用户之间最简单的互动方式是通过电子邮件或消息。然而，越来越多的网络犯罪事件要求人们精明地使用电子邮件或信息。如今，最大的风险之一是网络钓鱼和诈骗。攻击者的目标是通过网络钓鱼邮件获取敏感的用户数据。包括信用卡信息、密码、用户名和其他敏感数据。这些可能导致严重的经济损失。文献中有大量用于识别网络钓鱼电子邮件或消息的反网络钓鱼技术。然而，欺诈者总是想出新的技术，这使得开发反网络钓鱼技术来阻止网络钓鱼或诈骗攻击变得困难。本文讨论了一种利用修辞结构理论（RST）来验证电子邮件或信息文本是否具有欺骗性的新方法。我们收集了一个平衡的欺骗性和非欺骗性数据集，并使用不同的特征（如术语语篇连接词、修辞关系、欺骗可能性标签和句子类型特征）手工注释。该工作涉及使用这些特征训练不同的机器学习分类器进行实验，以便在欺骗网络钓鱼检测任务中达到更高的准确性。当使用基于RST的语言特征时，所提出的技术在数据集上显示出较高的准确性。当使用集成分类器代替单个分类器时，可以获得最佳的分类性能，从而提高准确率。与个体学习者相比，我们的实验结果表明，所提出的技术达到了最高的准确性、精密度、召回率和f1分数值。

本文章由计算机程序翻译，如有差异，请以英文原文为准。

查看原文本刊更多论文

Rhetorical Structure Theory-based machine intelligence-driven deceptive phishing attack detection scheme

The easiest way for users to interact with one other is via emails or messages. However, the growing incidence of cybercrime necessitates the astute use of emails or messages. These days, one of the biggest risks is phishing as well as smishing. Attackers aim to get sensitive user data by means of phishing emails. Credit card information, passwords, usernames, and other sensitive data are included. These might result in severe financial loss. The literature has a plethora of anti-phishing techniques for identifying phishing email or messages. However, fraudsters are always coming up with new techniques, making it difficult to develop anti-phishing techniques to stop phishing or smishing attack. This paper discusses a novel methodology leveraging Rhetorical Structure Theory (RST) to validate whether a given text of emails or messages are deceptive or not. A balanced dataset of deceptive and non-deceptive have been collected and annotated manually using different features like term Discourse Connectors, Rhetorical Relations, Deception likely tags and sentence type features. The work involved experiment with different machine learning classifiers trained using these features in order to achieve higher accuracy in deception phishing detection task. The proposed technique exhibits high accuracy on the dataset when RST based linguistic features are used.
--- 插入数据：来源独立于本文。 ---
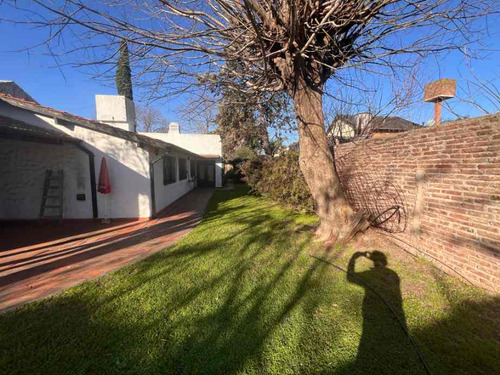 Chalet En Venta En Castelar Sur
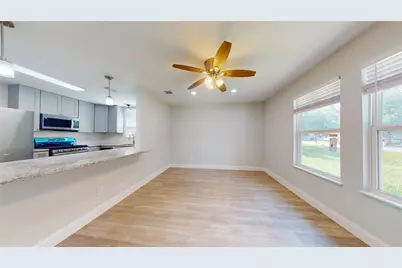 227 Kansas Street, Bacliff, TX 77518 - Photo 10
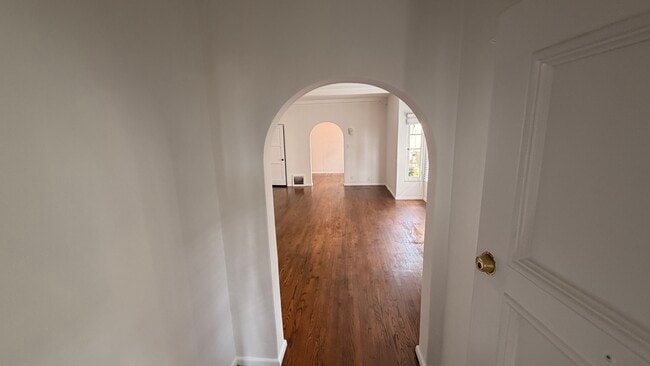 Building Photo - 923 Ocean Ave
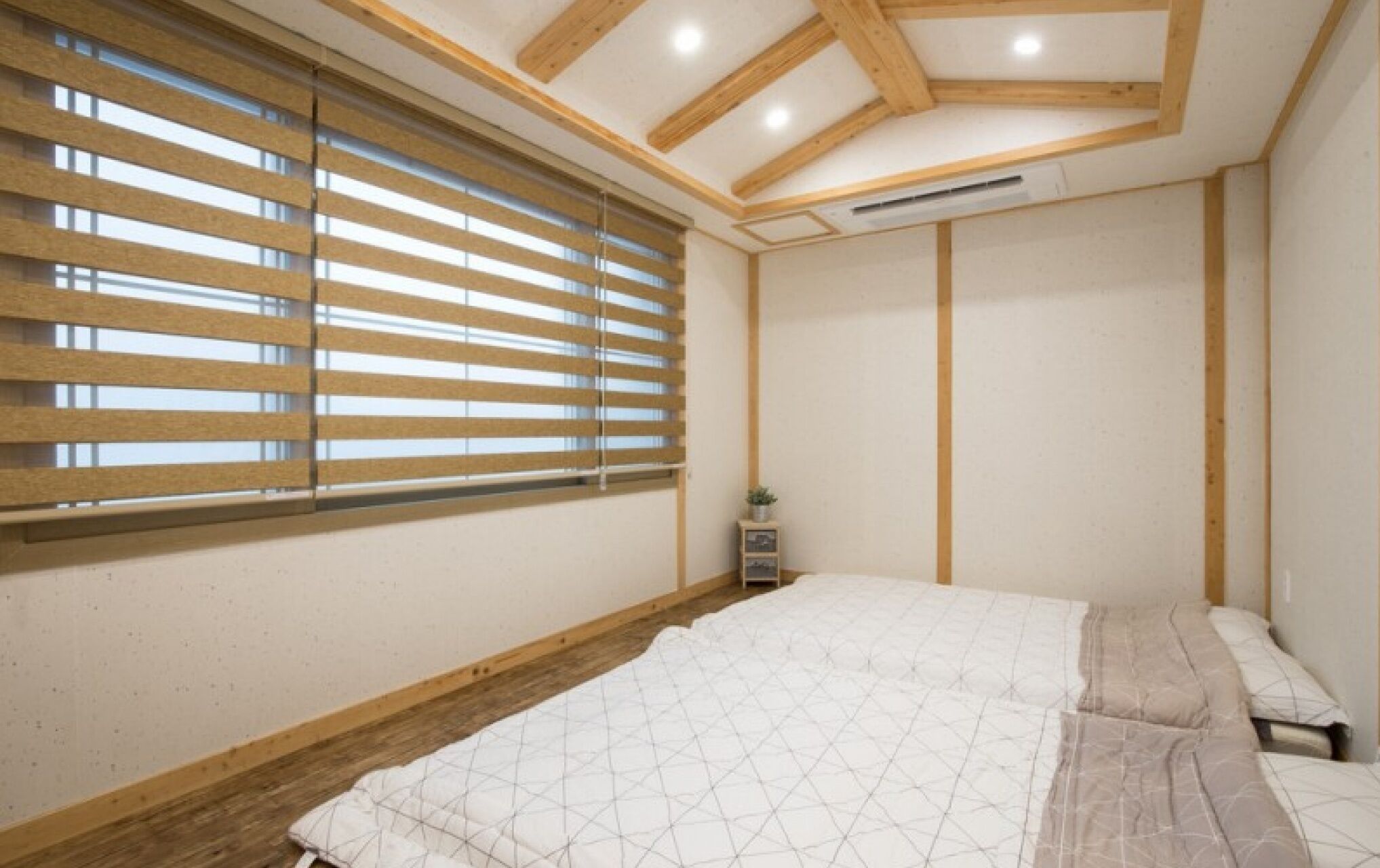 Jeju Flyjin House Pension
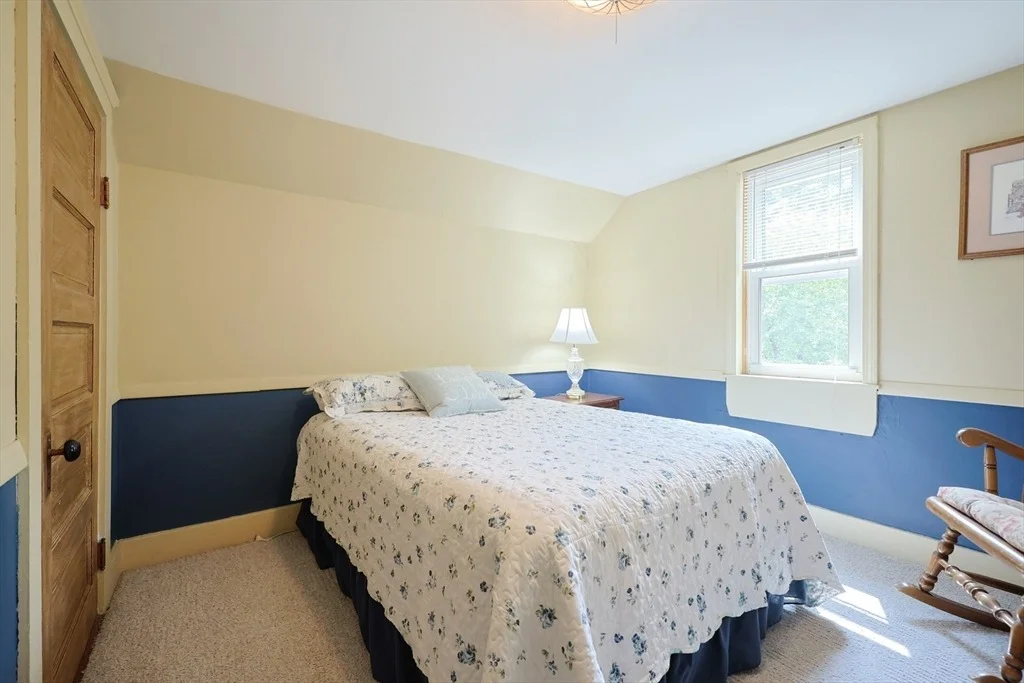Photo of 16 Birch Ln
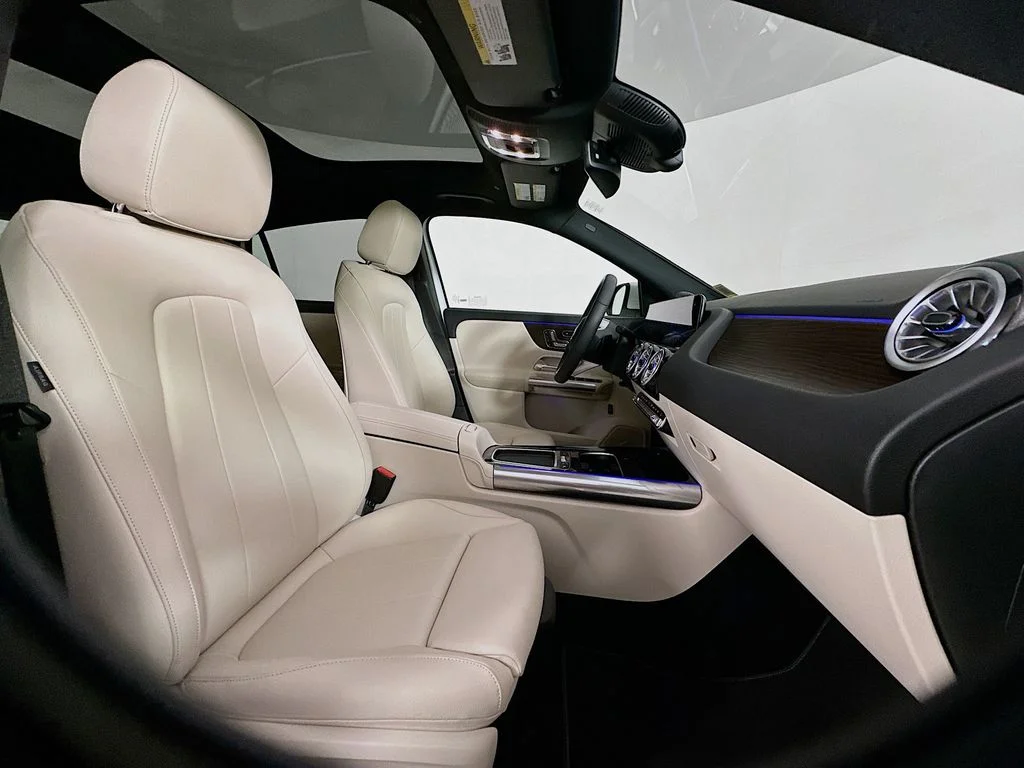 Used 2026 White Mercedes-Benz GLA 250 image 27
When ensemble classifiers are used instead of individual classifiers, the optimal classification performance is achieved, leading to an increase in accuracy. In comparison to the individual learners, the results of our experiment demonstrate that the proposed technique achieved the greatest accuracy, precision, recall, and F1-score values.

求助全文

通过发布文献求助，成功后即可免费获取论文全文。去求助

来源期刊

Journal of Information Security and Applications Computer Science-Computer Networks and Communications

CiteScore

10.90

自引率

5.40%

发文量

206

审稿时长

56 days

期刊介绍： Journal of Information Security and Applications (JISA) focuses on the original research and practice-driven applications with relevance to information security and applications. JISA provides a common linkage between a vibrant scientific and research community and industry professionals by offering a clear view on modern problems and challenges in information security, as well as identifying promising scientific and "best-practice" solutions. JISA issues offer a balance between original research work and innovative industrial approaches by internationally renowned information security experts and researchers.